« Un processus vertueux peut s’enclencher en Libye »
Les dirigeants des autorités
rivales de l’Est et de l’Ouest libyen ont annoncé, le 21 août, un
cessez-le-feu et la tenue d’élections parlementaires. La diplomatie
internationale a œuvré en ce sens, selon Jalel Harchaoui, chercheur à
l’institut néerlandais de relations internationales Clingendael.
Fayez Al Sarraj, qui préside le gouvernement
dit d’union nationale (GNA) à Tripoli, et Aguila Salah, qui dirige le Parlement
réfugié à Tobrouk dans l’Est libyen, ont chacun publié un communiqué le 21 août
pour annoncer un cessez-le-feu et l’organisation à venir d’élections
parlementaires.
Peut-on croire à la cessation des hostilités entre ces autorités rivales ?
Jalel Harchaoui : En
juin, la tension était fortement montée dans le centre et l’est de la Libye. Le
gouvernement de Tripoli et la Turquie, qui le soutient, étaient euphoriques
après la reprise de la capitale et le retrait des troupes de l’Armée nationale
libyenne (ANL) du maréchal Haftar de la Tripolitaine. Les forces du
gouvernement de Tripoli se voyaient conquérir la ville de Syrte, qui ouvre la voie
au croissant pétrolier, et ainsi dominer le pays.

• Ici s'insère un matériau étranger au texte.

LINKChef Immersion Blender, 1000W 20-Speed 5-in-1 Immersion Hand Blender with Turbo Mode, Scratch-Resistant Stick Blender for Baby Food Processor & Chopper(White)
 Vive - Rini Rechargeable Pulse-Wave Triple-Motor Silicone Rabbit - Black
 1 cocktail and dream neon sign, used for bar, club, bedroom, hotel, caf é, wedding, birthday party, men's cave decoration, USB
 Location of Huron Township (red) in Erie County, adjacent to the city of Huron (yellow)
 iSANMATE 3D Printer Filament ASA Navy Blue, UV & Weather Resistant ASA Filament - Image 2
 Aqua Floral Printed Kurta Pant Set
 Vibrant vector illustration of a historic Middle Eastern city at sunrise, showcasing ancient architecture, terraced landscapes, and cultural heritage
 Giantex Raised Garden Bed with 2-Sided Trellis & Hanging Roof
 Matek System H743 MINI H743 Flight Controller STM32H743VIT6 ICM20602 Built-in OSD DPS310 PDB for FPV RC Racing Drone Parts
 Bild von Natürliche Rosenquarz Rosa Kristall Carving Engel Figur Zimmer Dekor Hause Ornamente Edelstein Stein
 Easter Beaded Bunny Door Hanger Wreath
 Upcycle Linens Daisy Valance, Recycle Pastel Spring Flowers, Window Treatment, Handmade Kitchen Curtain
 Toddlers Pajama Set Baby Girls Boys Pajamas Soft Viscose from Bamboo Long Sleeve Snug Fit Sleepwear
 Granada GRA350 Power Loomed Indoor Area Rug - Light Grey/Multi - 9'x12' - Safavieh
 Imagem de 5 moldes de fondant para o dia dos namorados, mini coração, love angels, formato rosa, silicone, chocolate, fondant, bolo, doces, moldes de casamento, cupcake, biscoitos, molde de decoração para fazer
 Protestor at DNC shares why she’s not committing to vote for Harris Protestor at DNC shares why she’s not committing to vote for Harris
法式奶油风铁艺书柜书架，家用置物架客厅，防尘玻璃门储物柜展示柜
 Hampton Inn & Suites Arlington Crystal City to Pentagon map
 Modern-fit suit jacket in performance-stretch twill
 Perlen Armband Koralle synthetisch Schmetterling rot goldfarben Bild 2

Afin d’empêcher la prise de cette ville clé,
les Russes, aidés des Émiriens sur le plan logistique, ont mené une vaste
opération de dissuasion en déployant d’imposants moyens militaires. Et le
président égyptien Al Sissi déclarait le 20 juin qu’il était prêt à envoyer des
troupes en soutien à l’ANL.
Un intense ballet diplomatique a œuvré au
ralentissement de cette dynamique ces dernières semaines. Le soutien du Caire
au cessez-le-feu annoncé du 21 août est la nouvelle donne la plus remarquable.
Cela permet à l’Égypte – d’abord focalisée sur son conflit avec l’Éthiopie
autour du grand barrage sur le Nil – de renoncer à intervenir officiellement
tout en préservant son image.
Les États-Unis se sont également activés sur
le plan diplomatique. Et sur le registre « qui ne dit mot consent », la Russie
et la Turquie ont gardé le silence, soucieuses de conserver chacune leurs zones
d’influence. Alors, certes, cette initiative de paix peut vite échouer, comme
d’autres, mais le potentiel est là malgré tout pour que s’enclenche un
processus vertueux.
Le maréchal Haftar, dit « l’homme fort de l’Est libyen », est-il hors jeu ?
J. H. : Il y avait
une volonté partagée, à Moscou et au Caire, de marginaliser le maréchal,
impulsif et incontrôlable. La Russie et l’Égypte n’ont pas ménagé leur peine
pour qu’il se taise et qu’il soit dans l’incapacité de prendre des initiatives,
aussi bien sur le plan politique que militaire.